# Introduction to <font color=blue>pySpark</font> https://spark.apache.org/

![Image of Sklearn](https://spark.apache.org/images/spark-logo-trademark.png)



## RDD creation

**Resilient Distributed Dataset** or **RDD**. An RDD is a distributed collection of elements.

* Creating new RDDs, **transforming** existing RDDs, or calling **actions** on RDDs to compute a result.

* Spark automatically distributes the data contained in RDDs across your cluster and parallelizes the operations you perform on them.

### FIRST check SparkContext is available

In [None]:
sc

### GET SparkContext configuration will be "local" see spark.master

* ### <font color=red>local[*]</font> means Spark locally with as many worker threads as logical cores on your machine.

In [None]:
sc._conf.getAll()

## <font color='magenta'>--------------------------To Do:---------------------------</font>

* ### how many cores do we have?

In [None]:
import .....


## Creating a RDD from a file  : we will use <font color=orange>churn-bigml-80.csv</font>

The most common way of creating an RDD is to load it from a file.

(Spark's `textFile` can handle compressed files directly, as gz).    

## <font color='magenta'>--------------------------To Do:---------------------------</font>

* ### load churn-bigml-80.csv as a text file

In [None]:
data_file = ....
raw_data = sc.textFile(data_file)

Now we have our data file loaded into the `raw_data` RDD.

Without getting into Spark *transformations* and *actions*, the most basic thing we can do to check that we got our RDD contents right is to `count()` the number of lines loaded from the file into the RDD.  

In [None]:
raw_data.count()

We can also check the first few entries in our data.  

In [None]:
raw_data.take(5)

## <font color='magenta'>--------------------------To Do:---------------------------</font>

* ### take first line: first_line
* ### create a `list` with features names: features
* ### print...

In [None]:
first_line=

# create a list with features
features = 
print("number of elements =",.....)
print("Features: \n",.....)

### Check: pySpark "structures" RDD vs python ... lists, etc.

In [None]:
type(raw_data)

In [None]:
type(features)

In the following notebooks, we will use this raw data to learn about the different Spark transformations and actions.  
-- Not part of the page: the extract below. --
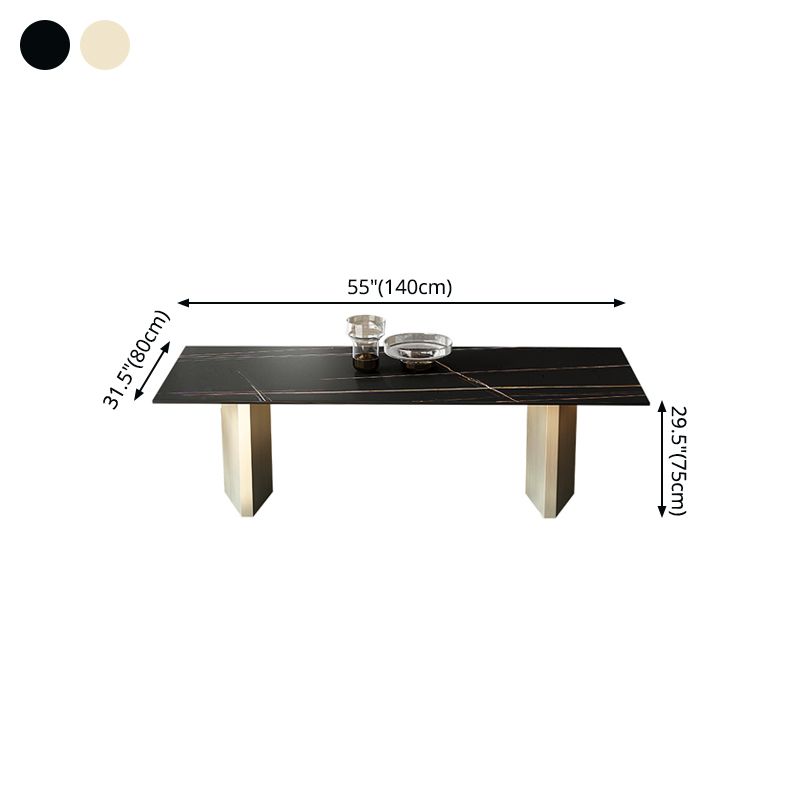 Metal Traditional Luxury Rectangle Table Black Sintered Stone Top Table for Dining Room Clearhalo ' dining_table' 'Dining Tables & Seating' 'Dining Tables' 'furn' 'furn_dining_table' 'Furniture' 'furniture_dining_table' 'Kitchen & Dining Furniture' 'kitchen&dining_furn' 'kitchen' 'kitchen_dining_table' 1200x1200_7e78c9ca-2a64-4860-8480-aaa87adf9107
## Creating and RDD using `parallelize`

Another way of creating an RDD is to parallelize an already existing list.  

## <font color='magenta'>--------------------------To Do:---------------------------</font>

* ### Create  range 0,1,2,.... 1000

... discuss range and list(range)

In [None]:
a = 

data = sc.parallelize(a)

## <font color='magenta'>--------------------------To Do:---------------------------</font>

* As we did before, we can count the number of elements in the RDD.
* and show the first five elements...

In [None]:
data.....

As before, we can access the first few elements on our RDD.  

In [None]:
data.....

## <font color=brown>Let's see now TRANSFORMATIONS and ACTIONS</font>

## The `filter` transformation

This transformation can be applied to RDDs in order to keep just elements that satisfy a certain condition. More concretely, a function is evaluated on every element in the original RDD. The new resulting RDD will contain just those elements that make the function return `True`.

For example, imagine we want to count how many lines contain the word `True` in our dataset.
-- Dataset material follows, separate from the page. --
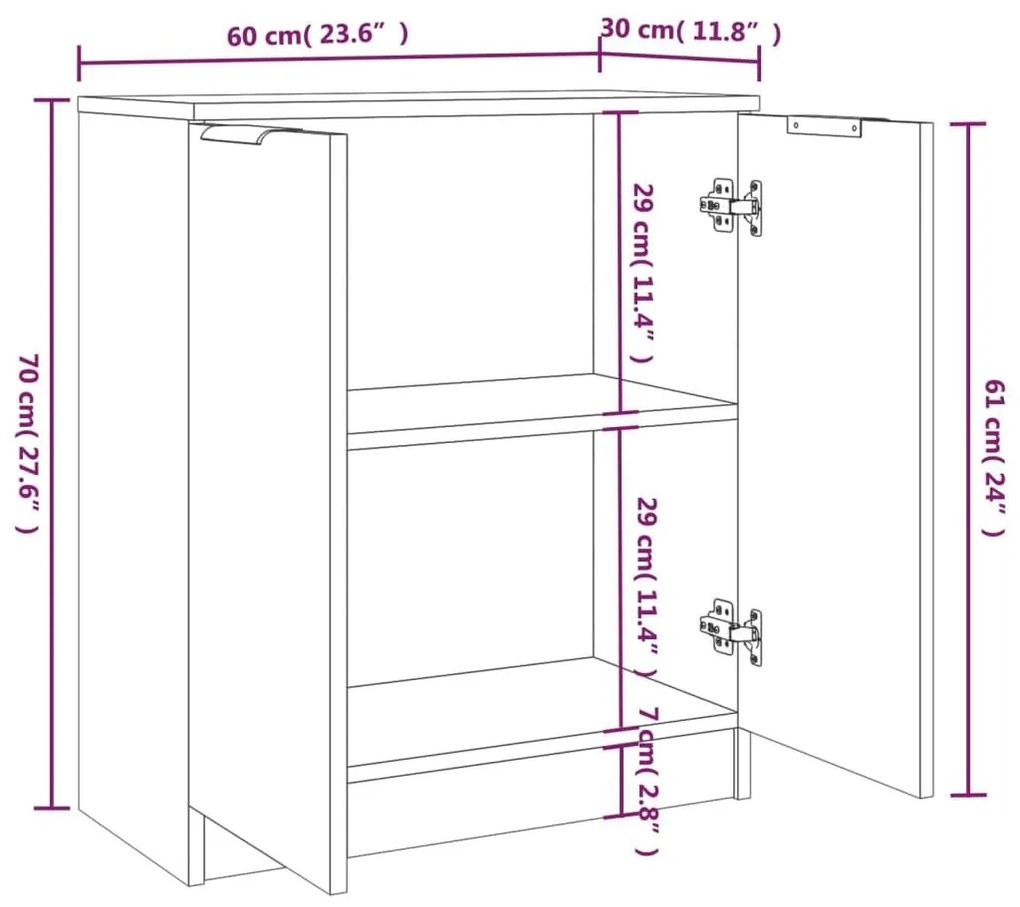 Ντουλάπια 2 τεμ. Γυαλιστερό Λευκό 60x30x70εκ.Επεξεργασμένο Ξύλο - Λευκό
We will filter our `raw_data` RDD as described below:

## ... We are going to use a `lambda` function

## <font color='magenta'>--------------------------To Do:---------------------------</font>

* ### Define a function `contrainsTrue` that receives a list and returns True or False depending on if the string True is present in the list

* ### Use a lambda function for the same task...

In [None]:
def ...

....

containsTrue(['1','True'])

In [None]:
# Now use a lambda function for the same task

f = ....


f(['1','True'])

## <font color='magenta'>--------------------------To Do:---------------------------</font>

* ### FILTER RDD raw_data depending on if the string True is present in its rows using `lambda` function

In [None]:
True_raw_data = raw_data.filter(........)

### ... `count` is the ACTION

Now we can count how many elements we have in the new RDD.

In [None]:
from time import time
t0 = time()
True_count = True_raw_data.count()
tt = time() - t0
print("There are {} lines containing 'True' word".format(True_count))
print("Count completed in {} seconds".format(round(tt,3)))
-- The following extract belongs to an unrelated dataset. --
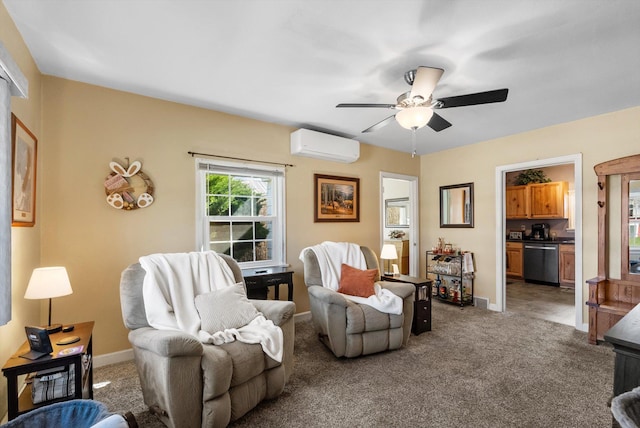 carpeted living room featuring baseboards, ceiling fan, and a wall mounted air conditioner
Notice that we have measured the elapsed time for counting the elements in the RDD. We have done this because we wanted to point out that actual (distributed) computations in Spark take place when we execute *actions* and not *transformations*. In this case `count` is the action we execute on the RDD. We can apply as many transformations as we want on a our RDD and no computation will take place until we call the first action that, in this case takes a few seconds to complete.
<font color='green' size=4>And this is the "Lazy Evaluation"!!</font>

### ** RDD Operations and Lazy Evaluation ** ###

### <font color='green'>Lazy Evaluation</font> ###
##### Lazy evaluation reduces the number of passes to take over data by grouping operations together. #####
##### - In MapReduce systems like Hadoop, developers often have to spend a lot time considering how to group together operations to minimize the number of MapReduce passes. #####
###### - In Spark, there is no substantial benefit to writing a single complex map instead of chaining together many simple operations. Thus, users are free to organize their program into smaller, more manageable operations. #####

In [None]:
# In this simple example the name of the Churn file is wrong (800 instead of 80)
#
#  select lines in log.txt with "error" messages

data_file_err = '/resources/data/MSTC/churn-bigml-800.csv'
raw_data_err = sc.textFile(data_file_err)

True_raw_data_err = raw_data_err.filter(lambda x: 'True' in x)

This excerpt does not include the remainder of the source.